La prueba del Cotopaxi

Nadie sabe cuándo llegará la hora, pero, por elemental sentido de la probabilidad, en algún momento la erupción del Cotopaxi sucederá. El grado de destrucción que esto implicaría —como lo evidencian las pasadas erupciones, la última ocurrida en 1877— nos lleva a abrazar una malentendida resignación; como creemos, equivocadamente, que nada podemos hacer, preferimos actuar como si nada pasara. Estamos equivocados.

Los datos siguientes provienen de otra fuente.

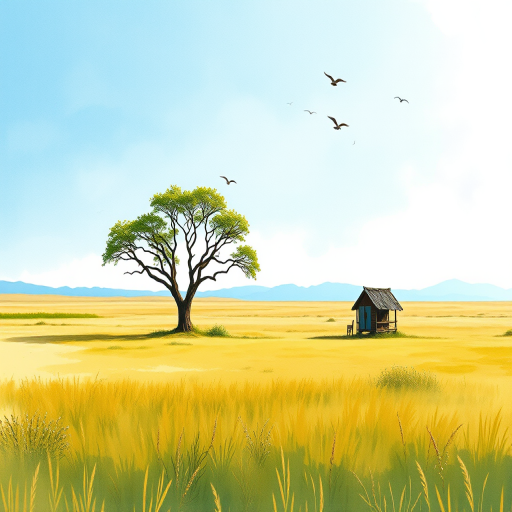 Create a high-resolution illustration of a serene landscape featuring a single tree and a small rustic hut in a vast open field, with a clear blue sky and a few birds flying, using a Canon EOS R5 camera with an aperture of f/8, ISO 100, and a focal length of 50mm, in a vibrant watercolor style.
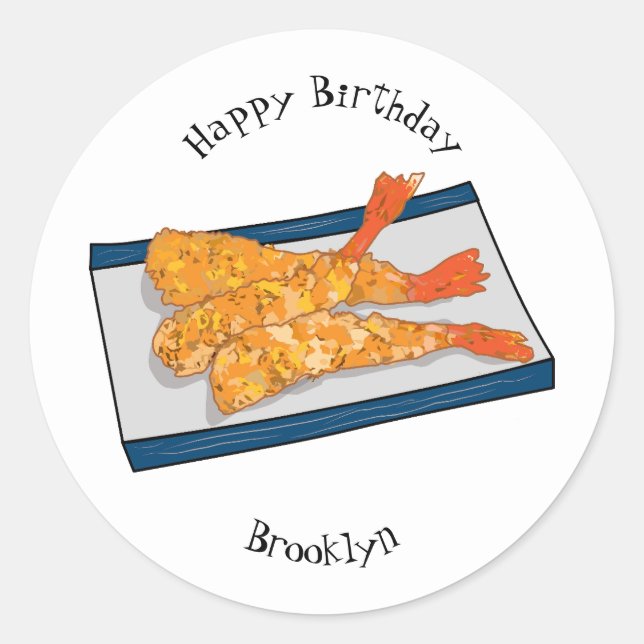 Shrimp tempura Cartoon Illustration Runder Aufkleber (Vorderseite)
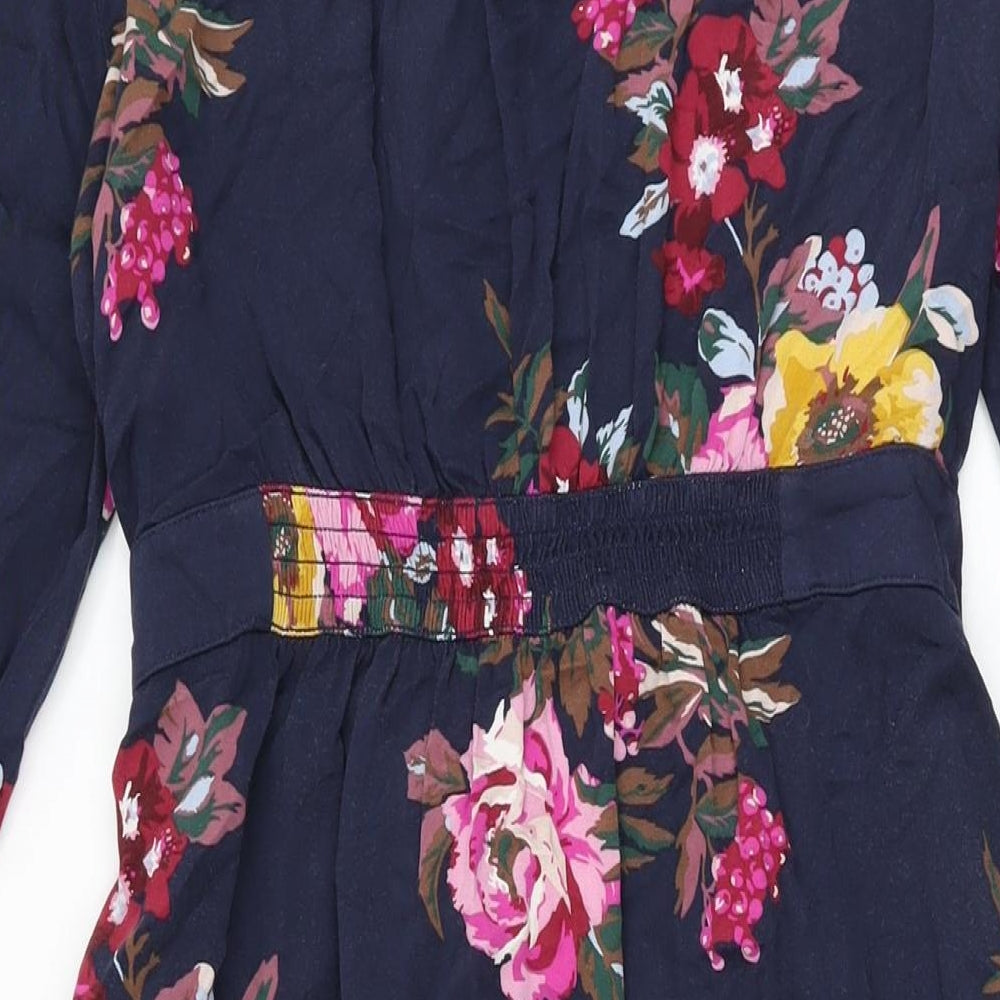 Joules Womens Blue Floral Viscose A-Line Size 14 Collared Button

Expertos de todo el mundo coinciden en destacar que cualquier obra humana de contención resultaría inútil. Por un lado y, como reza el proverbio, cuando uno se encuentra hundido en un hueco lo primero que debe hacer es dejar de cavar; el Estado puede evitar la creación de más asentamientos en zonas de riesgo, por medio de campañas y regulaciones. Por el otro, sí es posible perfeccionar y fortalecer los planes de contingencia para enfrentar al peor de los escenarios. Se debe asegurar fondos de emergencia y trabajar en infraestructura —vial y de comunicaciones— que pueda seguir operando en esas circunstancias. Se debería estar formando especialistas para gestionar esa potencial crisis y puliendo los planes para enfrentar los costos humanos y económicos en caso de que llegue la hora.

Sin embargo, lo más importante es dejar a un lado el catastrofismo y saber que, sin importar qué suceda, los ecuatorianos sabremos salir adelante, tal como tantas otras veces en nuestra historia. Para evitar sufrimiento innecesario es mejor tener, desde ya, alternativas viables y organizadas.